There are various studied connections between information theory and statistics:
- Hypothesis testing, large deviations
- Fisher information, Kullback-Leibler divergence
- Metric entropy and Fano’s inequality
- etc...
In their classic paper, Kolmogorov and Tikhomirov(1959) make connections between statistical estimation, metric entropy and the notion of channel capacity. Let’s write and draw this in information theoretic jargon. Let;
Codebook: indexed parametric family of probability distributions \(\{Q_\theta | \theta \in
\Theta\}\)
Codeword: nature chooses some parameter \(\theta^\ast \in
\Theta\) (the so-called True Parameter value)

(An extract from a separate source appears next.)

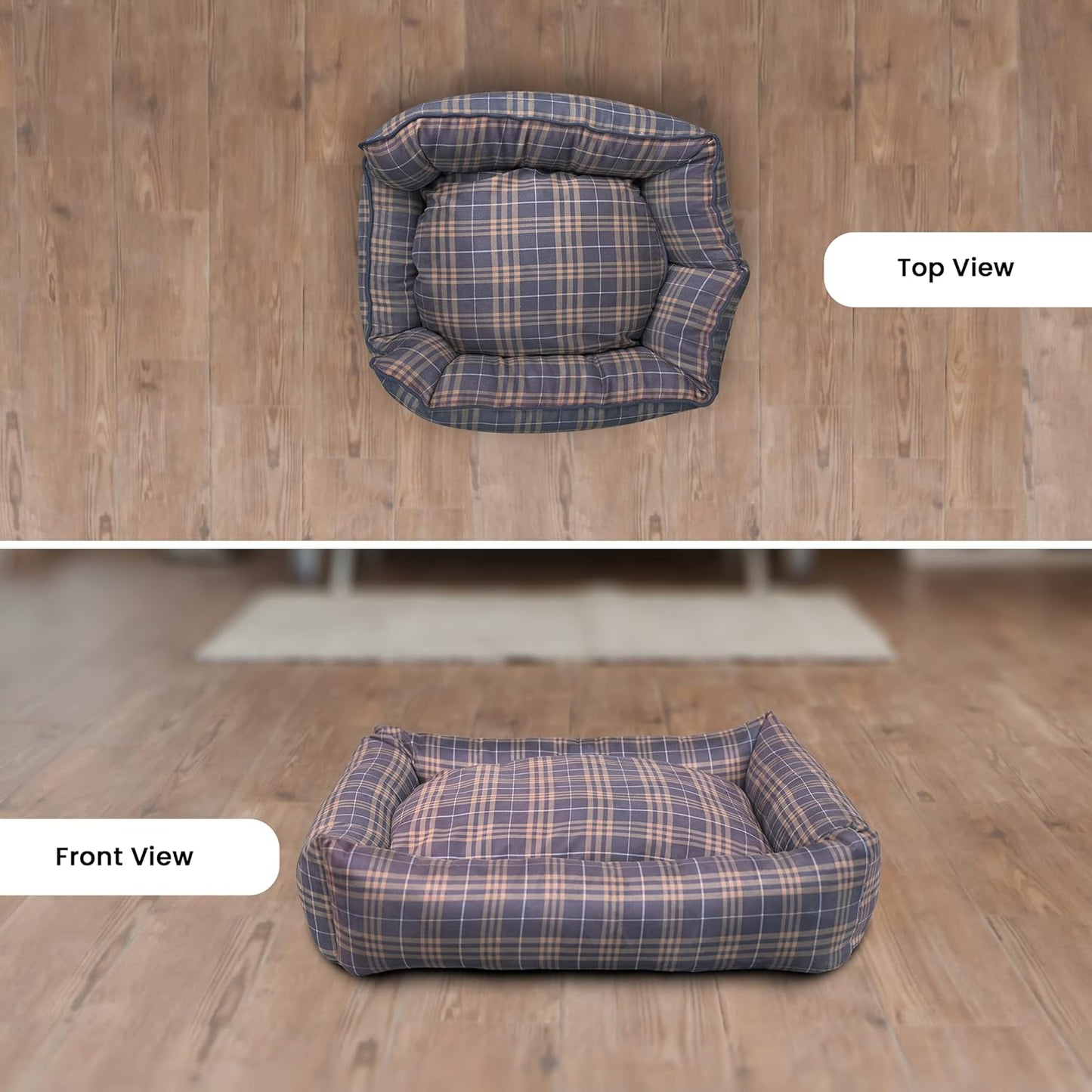 Printed Check Rectangle Shape Dog Bed for Summer Season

Channel: user observes \(n\) i.i.d. draws from the true distribution \(X_i \sim Q_\theta^\ast\)
Decoding: estimator \(X^n \mapsto \hat{\theta}\) such that \(\hat{\theta}\overset{\mathbb{P}}{\rightarrow}\theta^\ast\)
The setting could be defined in many variations:
codebooks/codewords: | graphs, vectors, matrices, functions, densities,etc. |
channels: | random graphs, regression models, elementwise probes of vectors/machines, random projections ,etc. |
closeness notion: | exact/partial graph recovery in Hamming, \(l^p\) distances, \(L^P\)(Q)-distances, sup-norm etc. |